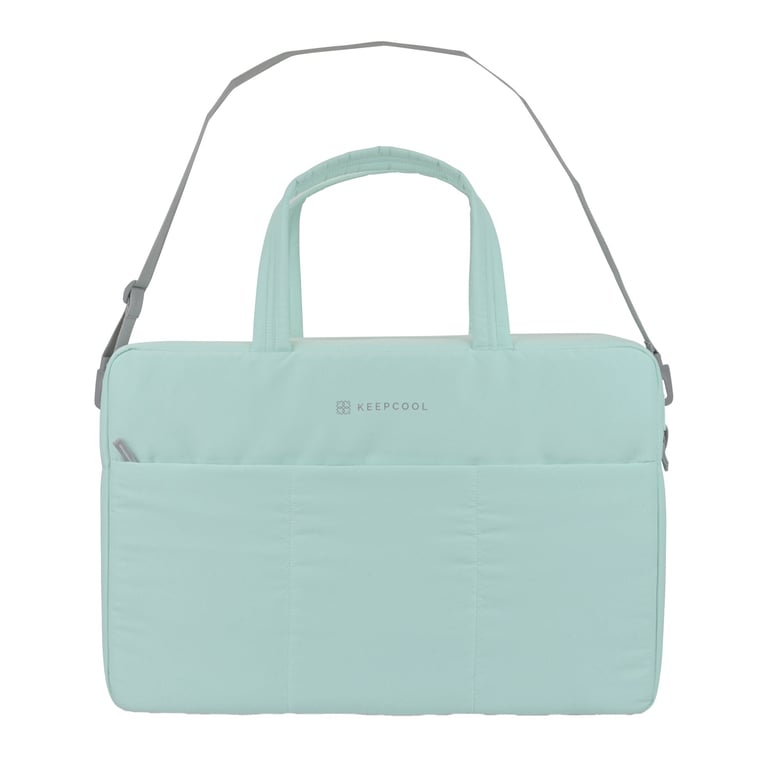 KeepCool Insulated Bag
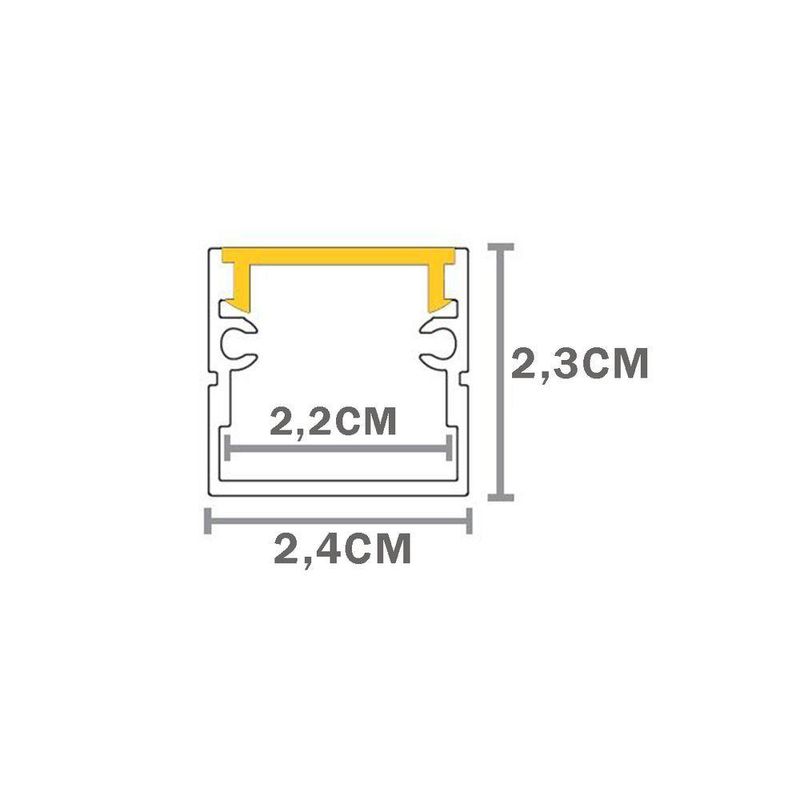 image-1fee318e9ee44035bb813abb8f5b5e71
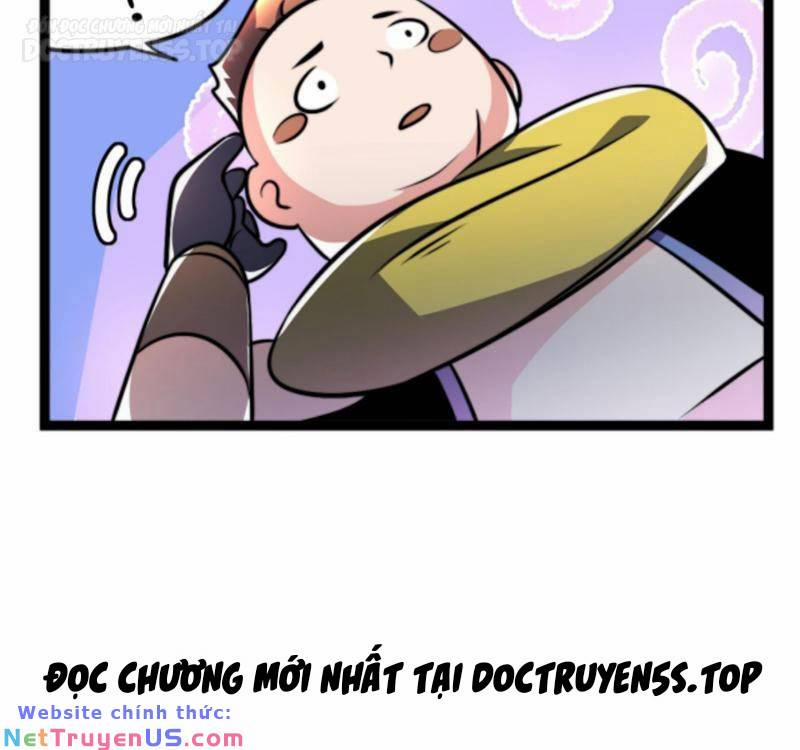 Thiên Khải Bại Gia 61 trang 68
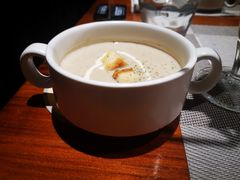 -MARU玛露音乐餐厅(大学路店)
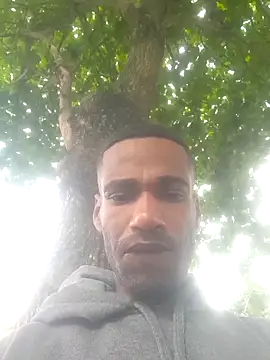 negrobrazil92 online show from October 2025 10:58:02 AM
-*-
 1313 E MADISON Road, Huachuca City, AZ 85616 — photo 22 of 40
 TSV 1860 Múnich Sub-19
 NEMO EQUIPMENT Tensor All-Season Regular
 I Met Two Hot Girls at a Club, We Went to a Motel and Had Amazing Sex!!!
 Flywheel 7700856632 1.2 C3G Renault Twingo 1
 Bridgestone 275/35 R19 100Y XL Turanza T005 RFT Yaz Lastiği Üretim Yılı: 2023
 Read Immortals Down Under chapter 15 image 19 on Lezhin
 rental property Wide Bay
-*-
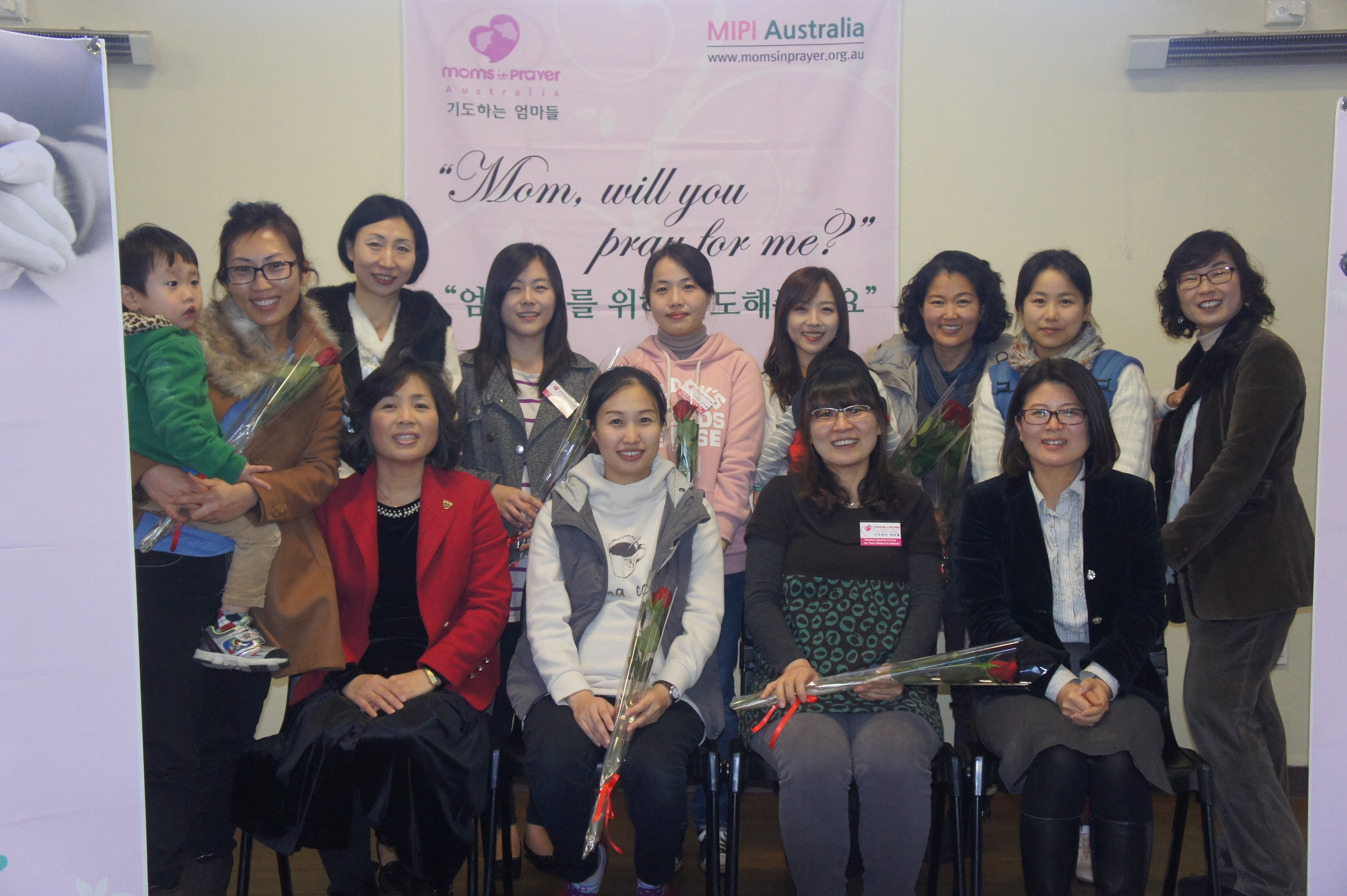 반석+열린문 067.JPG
-*-
About this task - An exact transcription is needed of the lines from the one with "-MARU玛露音乐餐厅(大学路店)" to the one with "negrobrazil92 online show" above, both ends included, with pictures left out.

Solution for this problem -
 -MARU玛露音乐餐厅(大学路店)
 negrobrazil92 online show from October 2025 10:58:02 AM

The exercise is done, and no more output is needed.